Other companies have faced the thorny issues of two senior executives having a relationship, and let things stand. Peter Kann, the former CEO of Dow Jones, was married to Karen Elliott House, a senior executive who supervised the company’s international businesses and then served as publisher of The Wall Street Journal. But those took place before the recent focus on the way people treat one another in professional relationships. Media companies like Fox Corp., the former CBS and NBCUniversal have been roiled by allegations against top personnel that included sexual assault and favoritism. It’s difficult to see how Zucker and Gollust could have navigated scrutiny under the current national lens.

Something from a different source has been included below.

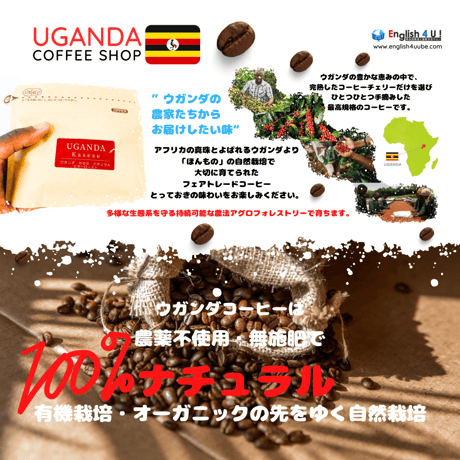 まとめ購入：「100g×10袋」深煎コーヒー 　ウガンダ　カセセ　ナチュラルビターロースト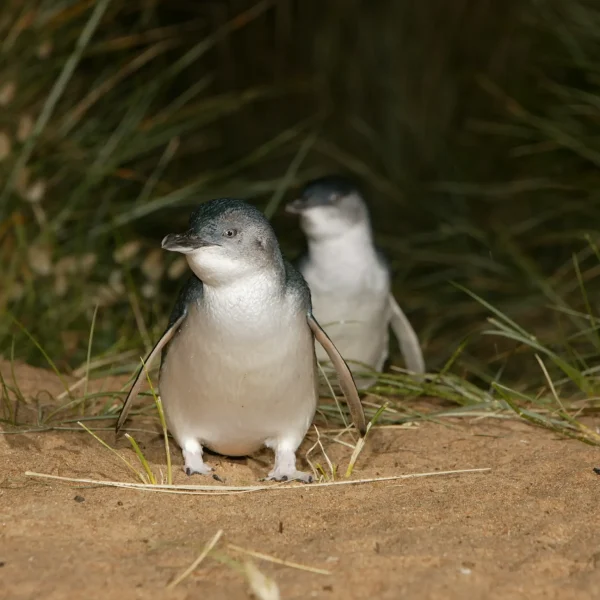 phillip island tour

One management expert thinks their relationship should not be classified as one with more sinister implications. “This is not a me-too violation. This was way more than consensual, and this was known. Why was this an issue now? And that’s the real story,” says Jeffrey A. Sonnenfeld, senior associate dean for leadership studies at the Yale School of Management. He can understand why CNN staffers may have a difficult time understanding the corporate calculus behind Zucker’s ouster and even says he believes Zucker could be “a victim of corporate intrigue and a rush to close” the deal between Discovery and AT&T.

Some CNN staffers have hit the bars. But many are “reeling,” according to another person familiar with the mood of the employee base. “They are devastated, to a person,” says another.

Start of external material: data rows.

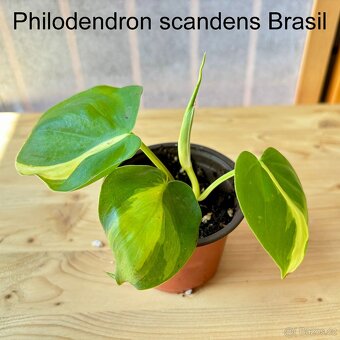 Philodendron scandens Brasil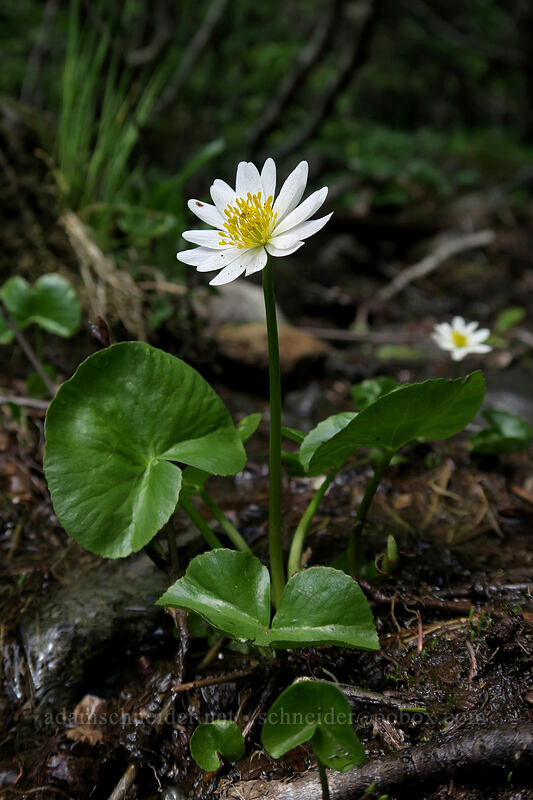 white marsh-marigold (Caltha biflora (Caltha leptosepala var. biflora)) [Silver Star Mountain, Gifford Pinchot National Forest, Skamania County, Washington]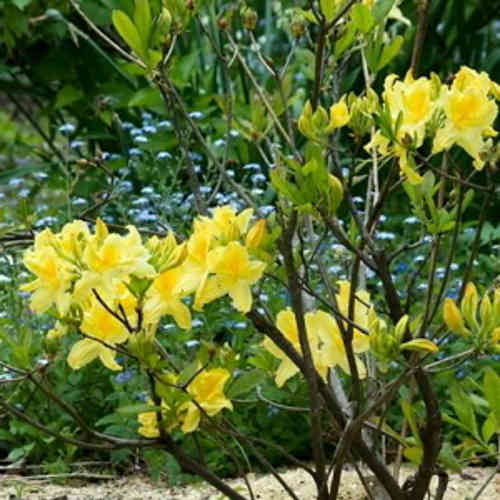Rhododendron x 'Lemon Lights'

To be sure, life at CNN has not been the easiest in recent months, with a merger looming and Cuomo being ousted after helping aides to his brother, former New York Governor Andrew Cuomo, while the elder Cuomo faced allegations of sexual harassment. Yet during his time at CNN, Zucker made it plain he had everyone’s back, reaching out to employees who got sick or lost a relative. During the Trump administration, the run-up to the 2016 and 2020 elections and coverage of the January 6 insurrection at the U.S. Capitol, it was Zucker, multiple employees say, who gave them support to get their jobs done. Many would walk through fire for him.

All are left pondering what Discovery has in store, and whether Zucker’s vision for the place is likely to continue.